GH: For your next anthology you put together “The Cork Horror Comic,” which is available free for download on your website. Did focusing on stories in the horror genre change how you approached the anthology?

AC: The horror theme was a natural choice because we were given the opportunity to work with Cork Community Art Link to launch a comic at the Dragon of Shandon Festival at Halloween. The horror theme gave the project a clear focus. Horror stories set in and around Cork would also be of interest to the general public, so it made sense to put this anthology together,

GH: And just recently you put together “The Cork Sci-Fi Comic”, which I believe will also be available on your website soon. How has reception been towards the book so far?
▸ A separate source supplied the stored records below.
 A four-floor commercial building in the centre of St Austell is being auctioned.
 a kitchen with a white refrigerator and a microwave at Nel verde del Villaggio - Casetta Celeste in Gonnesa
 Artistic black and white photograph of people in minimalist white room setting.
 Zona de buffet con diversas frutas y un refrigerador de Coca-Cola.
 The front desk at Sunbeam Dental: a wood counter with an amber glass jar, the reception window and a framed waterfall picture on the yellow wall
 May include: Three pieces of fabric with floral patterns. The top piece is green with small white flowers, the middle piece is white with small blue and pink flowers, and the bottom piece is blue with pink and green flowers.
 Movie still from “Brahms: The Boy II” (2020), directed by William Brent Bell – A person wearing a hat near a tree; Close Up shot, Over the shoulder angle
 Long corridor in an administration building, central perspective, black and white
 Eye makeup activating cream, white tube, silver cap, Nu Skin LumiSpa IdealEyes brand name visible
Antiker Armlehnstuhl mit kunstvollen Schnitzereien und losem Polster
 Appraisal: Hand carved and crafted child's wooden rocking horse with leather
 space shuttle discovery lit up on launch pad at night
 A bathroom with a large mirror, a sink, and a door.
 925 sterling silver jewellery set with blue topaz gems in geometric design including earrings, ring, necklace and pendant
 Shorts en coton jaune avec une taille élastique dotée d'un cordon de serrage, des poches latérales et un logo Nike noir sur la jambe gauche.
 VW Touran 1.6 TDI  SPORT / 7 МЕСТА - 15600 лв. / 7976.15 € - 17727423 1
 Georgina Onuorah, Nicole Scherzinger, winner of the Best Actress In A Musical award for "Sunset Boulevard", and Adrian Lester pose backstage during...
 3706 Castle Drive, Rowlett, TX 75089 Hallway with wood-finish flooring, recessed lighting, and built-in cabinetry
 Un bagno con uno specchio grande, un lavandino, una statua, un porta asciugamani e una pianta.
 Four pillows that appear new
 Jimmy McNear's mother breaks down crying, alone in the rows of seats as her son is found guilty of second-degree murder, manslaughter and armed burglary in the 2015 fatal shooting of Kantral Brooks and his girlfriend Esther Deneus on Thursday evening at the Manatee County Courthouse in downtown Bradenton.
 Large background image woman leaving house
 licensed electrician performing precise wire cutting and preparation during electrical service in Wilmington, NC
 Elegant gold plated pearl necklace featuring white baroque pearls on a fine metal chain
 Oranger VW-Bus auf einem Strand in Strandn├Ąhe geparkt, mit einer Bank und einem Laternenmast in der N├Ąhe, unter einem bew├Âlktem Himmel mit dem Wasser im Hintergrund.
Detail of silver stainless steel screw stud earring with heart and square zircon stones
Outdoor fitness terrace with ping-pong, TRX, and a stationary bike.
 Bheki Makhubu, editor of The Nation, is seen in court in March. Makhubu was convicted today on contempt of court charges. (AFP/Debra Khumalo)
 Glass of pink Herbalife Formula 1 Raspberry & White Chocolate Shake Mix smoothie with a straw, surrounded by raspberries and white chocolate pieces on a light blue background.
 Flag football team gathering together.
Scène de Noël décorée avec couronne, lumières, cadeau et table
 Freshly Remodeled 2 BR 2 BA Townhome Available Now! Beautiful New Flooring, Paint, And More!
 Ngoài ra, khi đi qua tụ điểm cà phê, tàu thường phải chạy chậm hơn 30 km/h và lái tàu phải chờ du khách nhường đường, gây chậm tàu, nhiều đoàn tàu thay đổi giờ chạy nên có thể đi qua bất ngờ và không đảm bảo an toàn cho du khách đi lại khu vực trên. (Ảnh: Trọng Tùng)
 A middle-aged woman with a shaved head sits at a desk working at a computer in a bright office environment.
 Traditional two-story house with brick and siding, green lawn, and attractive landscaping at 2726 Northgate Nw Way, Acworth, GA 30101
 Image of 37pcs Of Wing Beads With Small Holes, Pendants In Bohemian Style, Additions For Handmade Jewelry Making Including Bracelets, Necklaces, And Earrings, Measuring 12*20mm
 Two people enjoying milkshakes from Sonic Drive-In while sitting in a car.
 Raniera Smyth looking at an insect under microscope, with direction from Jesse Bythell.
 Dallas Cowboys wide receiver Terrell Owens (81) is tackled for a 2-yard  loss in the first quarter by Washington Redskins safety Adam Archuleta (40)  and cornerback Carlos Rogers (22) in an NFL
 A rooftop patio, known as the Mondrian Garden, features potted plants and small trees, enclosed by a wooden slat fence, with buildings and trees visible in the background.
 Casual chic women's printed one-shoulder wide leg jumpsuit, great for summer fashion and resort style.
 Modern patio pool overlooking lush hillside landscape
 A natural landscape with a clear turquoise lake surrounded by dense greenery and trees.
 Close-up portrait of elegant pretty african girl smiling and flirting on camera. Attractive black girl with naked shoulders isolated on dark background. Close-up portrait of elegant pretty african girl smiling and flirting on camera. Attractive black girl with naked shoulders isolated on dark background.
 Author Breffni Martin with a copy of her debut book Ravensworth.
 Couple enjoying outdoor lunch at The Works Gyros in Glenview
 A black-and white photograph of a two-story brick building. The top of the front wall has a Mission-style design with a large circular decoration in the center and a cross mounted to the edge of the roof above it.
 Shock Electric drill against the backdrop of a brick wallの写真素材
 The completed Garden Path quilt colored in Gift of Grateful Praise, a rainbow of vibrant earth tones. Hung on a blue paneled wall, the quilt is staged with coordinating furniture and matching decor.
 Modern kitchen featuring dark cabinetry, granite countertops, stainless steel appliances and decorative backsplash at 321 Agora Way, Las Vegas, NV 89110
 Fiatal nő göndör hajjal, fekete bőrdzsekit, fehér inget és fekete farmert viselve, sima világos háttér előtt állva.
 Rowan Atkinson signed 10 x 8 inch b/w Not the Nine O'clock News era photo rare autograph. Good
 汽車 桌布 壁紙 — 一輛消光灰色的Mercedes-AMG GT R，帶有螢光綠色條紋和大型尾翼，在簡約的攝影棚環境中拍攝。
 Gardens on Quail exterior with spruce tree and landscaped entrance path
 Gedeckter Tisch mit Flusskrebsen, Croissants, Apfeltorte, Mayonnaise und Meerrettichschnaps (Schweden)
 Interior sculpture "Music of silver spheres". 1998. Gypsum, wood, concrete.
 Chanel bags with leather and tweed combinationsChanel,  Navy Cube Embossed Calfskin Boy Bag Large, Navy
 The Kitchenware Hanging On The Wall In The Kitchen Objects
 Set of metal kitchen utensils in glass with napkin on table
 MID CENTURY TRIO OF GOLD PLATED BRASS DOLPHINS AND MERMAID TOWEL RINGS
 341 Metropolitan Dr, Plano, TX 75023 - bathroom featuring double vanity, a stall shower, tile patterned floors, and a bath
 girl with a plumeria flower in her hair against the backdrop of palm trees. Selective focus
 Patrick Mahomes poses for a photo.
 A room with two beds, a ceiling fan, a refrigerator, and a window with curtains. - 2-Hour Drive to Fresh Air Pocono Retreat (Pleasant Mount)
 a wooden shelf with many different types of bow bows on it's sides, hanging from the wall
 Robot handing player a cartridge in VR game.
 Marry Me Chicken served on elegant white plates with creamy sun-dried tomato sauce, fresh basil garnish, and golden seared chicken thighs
AC: The Cork Sci-Fi Comic, much like the Cork Horror Comic, has been a huge success locally. The Cork World Book Festival were delighted to host our launch event and the creators were given tremendous spotlight in the local media. The print run of the Cork Sci-Fi Comic sold out in less than 24 hours, at the Cork World Book Festival launch and at the Cork Comic Expo the next day in Mahon Point.

GH: Can you give me a rundown of other publications where we might find more material by these creators?

AC: Most of the creators in the Cork Horror Comic and the Cork Sci-Fi Comic were published for the very first time. A small number of creators were previously published with other Irish indie companies like Lightning Strike Comics.

GH: You’ve actually self-published your own graphic novel, The Ghost of Shandon. Can you tell me a bit about it, and where people can buy it?

AC: I wrote, illustrated and did the graphic design for Ghost of Shandon but a local book publishers called Onstream Publishing, actually, published Ghost of Shandon. Onstream Publishing made the book available in all the local book chains like Easons and Vibes & Scribes. You can buy it directly from the Onstream Publishing website,

The book is a children’s graphic novel, set mostly in 18th Century Cork City. Its about a time travelling boy called Ronan that befriends a ghost from Cork’s past. Nobody had ever done a comic set in Cork before so that was my inspiration to create the book.

GH: How different was it working on, and self-publishing your own book compared to working on an anthology?

AC: Well my own books are very time consuming. I have to research historical Cork, write a script that Onstream Publishing are happy with, then pencil and paint the 64 page book. For the Cork Horror Comic and the Cork Sci-Fi Comic I was the Art Editor and helped the book come together from a supervisoral position.

GH: What are your hopes for the future of comics in Ireland?

AC: I want more comics published and more regularly, especially in Cork where we have so much creative talent.

GH: Do you find that there is any difficulty in getting local literary and arts communities to take your work seriously or are the communities supportive?

AC: The local arts and community groups in Cork are very supportive. Cork Community Art Link helped us a lot with the Cork Horror Comic, giving us a platform at the Dragon of Shandon Festival and putting our work out there. Cork City Library also helped us a great deal with the publication of the Cork Sci-Fi Comic at the Cork World Book Festival. The Cork Comic Creators group is beginning to become more respected in the city and county.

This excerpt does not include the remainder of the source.